**EXERCISE BRIEF:** Every line of the data below must be output exactly, with images left out.

**SUPPLIED DATA:**

——————————

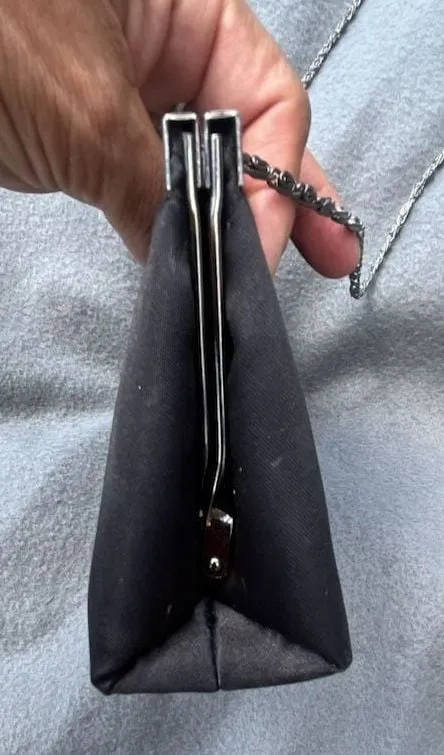 Black Satin Evening Clutch With Silver Chain Strap and Kiss Lock Frame - Image 9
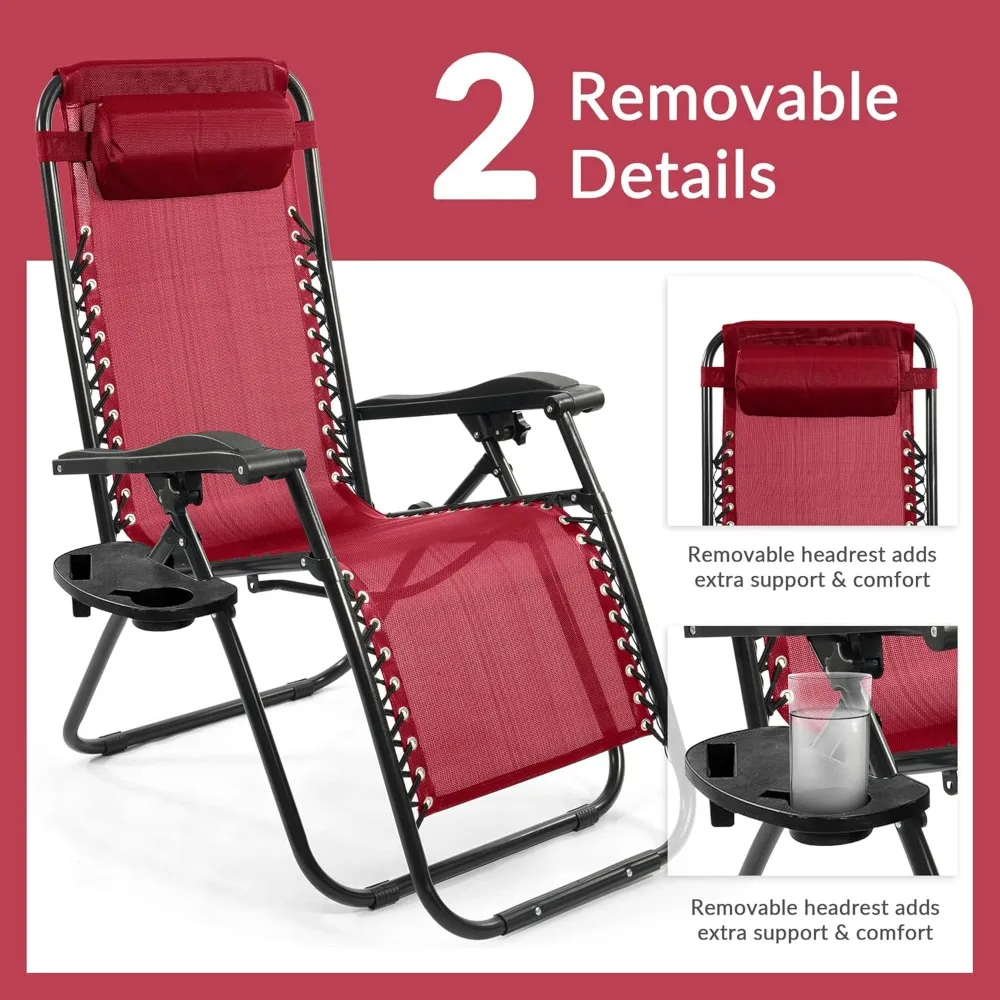 كرسي صالة بدون جاذبية مع حامل أكواب ووسادة، كرسي قابل للطي للاستلقاء في الهواء الطلق قابل للتعديل للبالغين في حمام السباحة والتخييم على الشاطئ #5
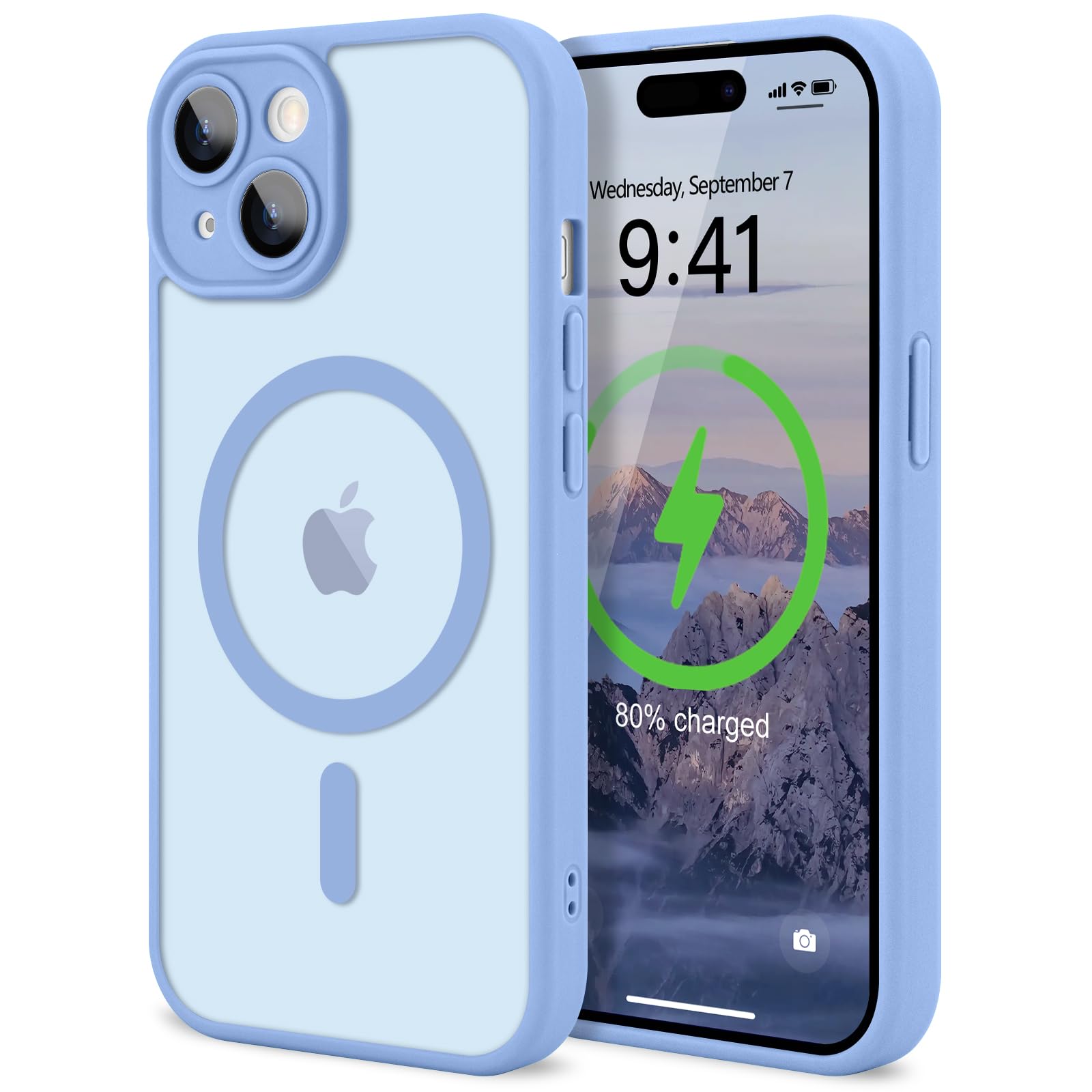 LAPOPNUT iPhone 15用 ケース MagSafe対応 半透明 指紋防止 耐衝撃 滑り止め カバー(青紫)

——————————

**THE ANSWER:**
 Black Satin Evening Clutch With Silver Chain Strap and Kiss Lock Frame - Image 9
 كرسي صالة بدون جاذبية مع حامل أكواب ووسادة، كرسي قابل للطي للاستلقاء في الهواء الطلق قابل للتعديل للبالغين في حمام السباحة والتخييم على الشاطئ #5
 LAPOPNUT iPhone 15用 ケース MagSafe対応 半透明 指紋防止 耐衝撃 滑り止め カバー(青紫)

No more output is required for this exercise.